══ INFORMATION SHOWN ══
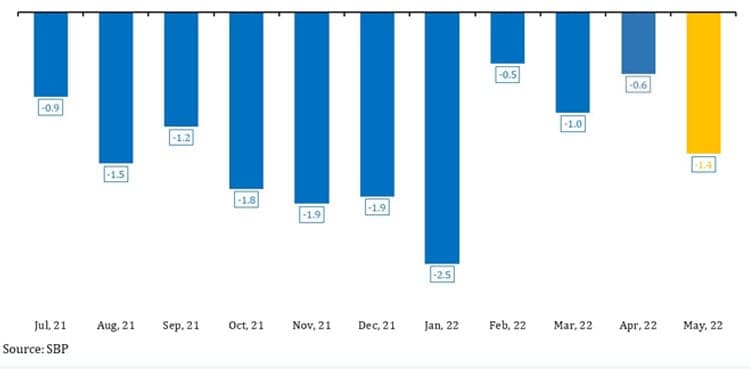 Current account deficit hits $1.4bn in May: SBP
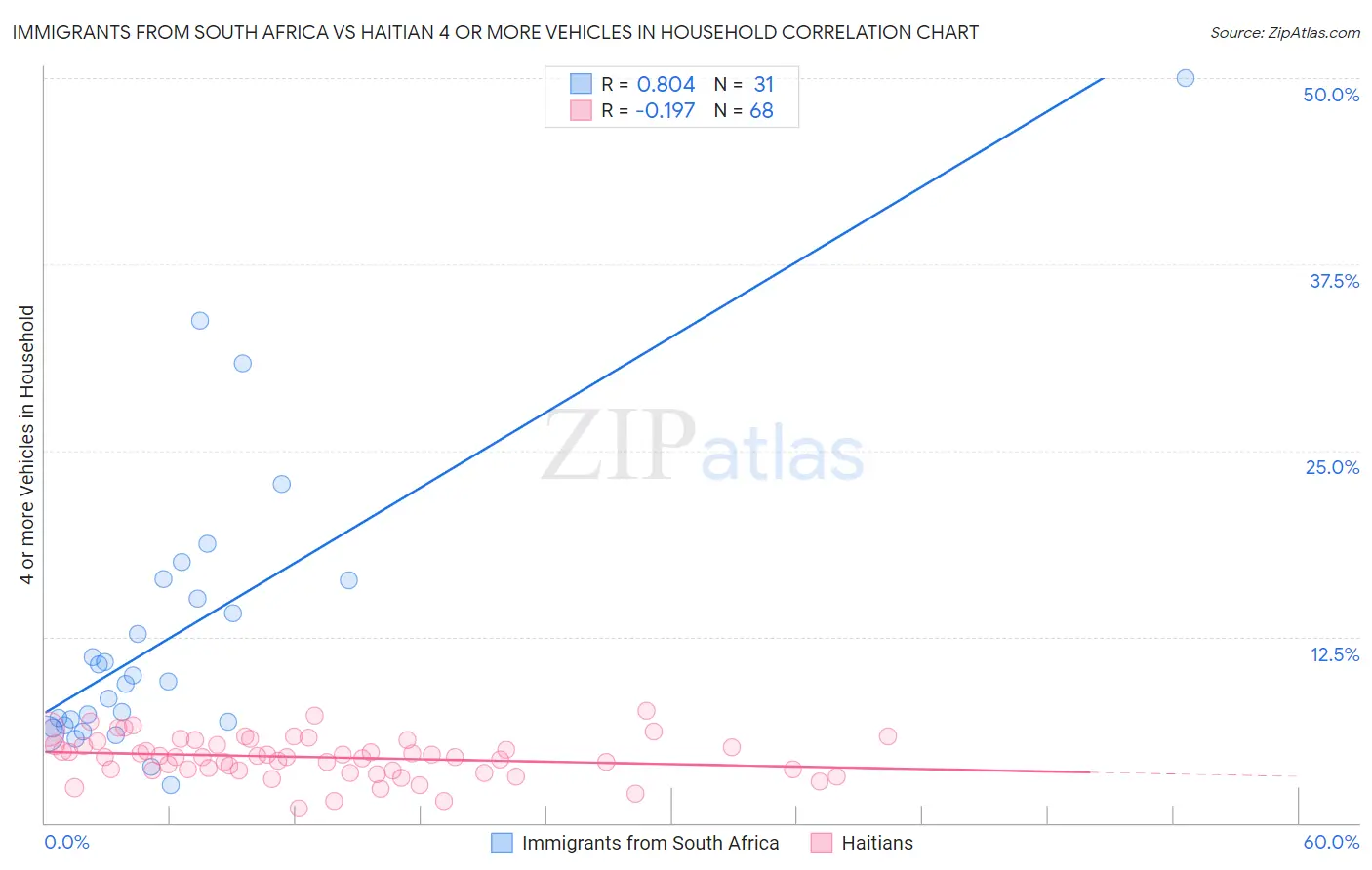 Immigrants from South Africa vs Haitian 4 or more Vehicles in Household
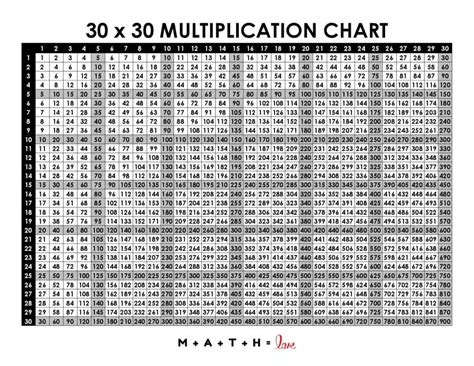 Multiplication Table 1-30 [Free Printable PDF]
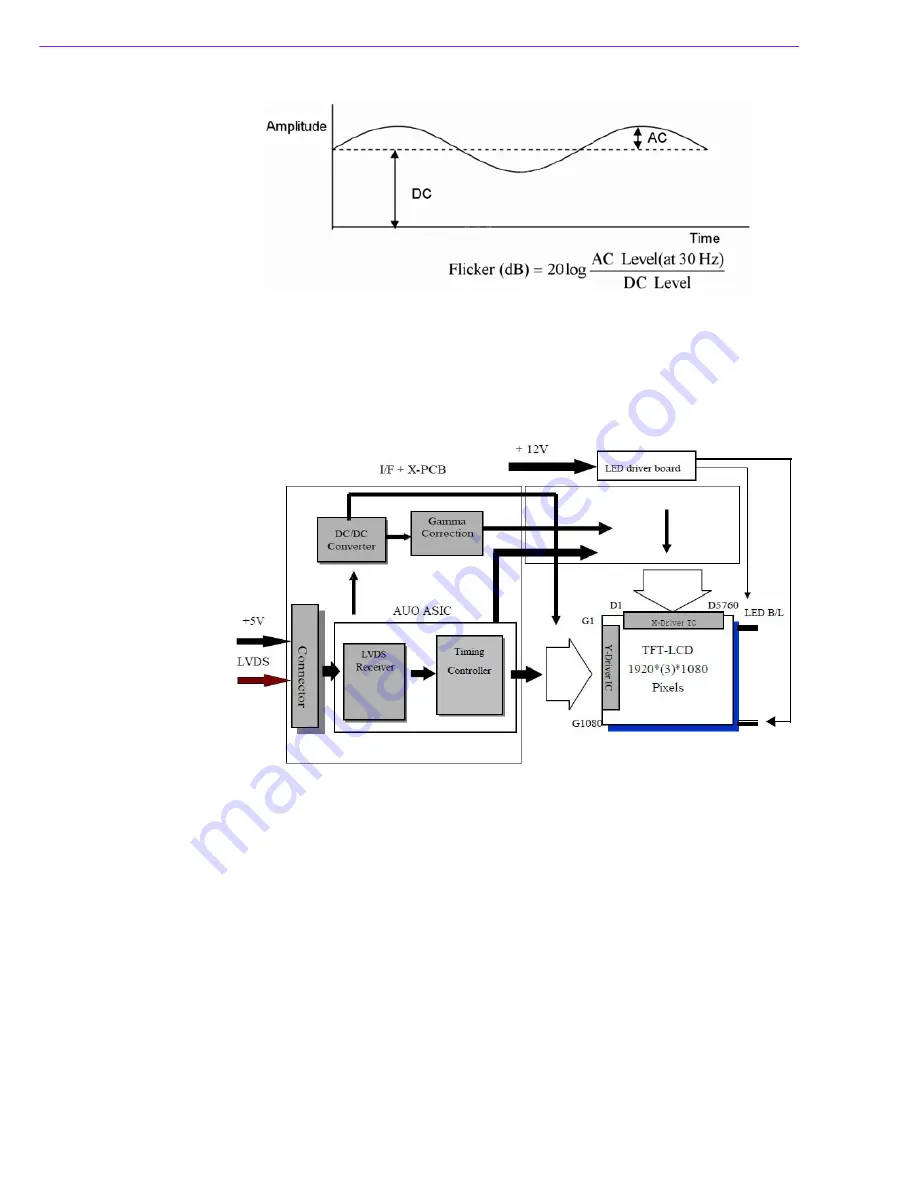 Advantech IDK-2121W User Manual Download Page 12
═══
DESCRIPTION OF THE TASK: Print the listing word for word, but omit the pictures.

RESPONSE BOX:
 Current account deficit hits $1.4bn in May: SBP
 Immigrants from South Africa vs Haitian 4 or more Vehicles in Household
 Multiplication Table 1-30 [Free Printable PDF]
 Advantech IDK-2121W User Manual Download Page 12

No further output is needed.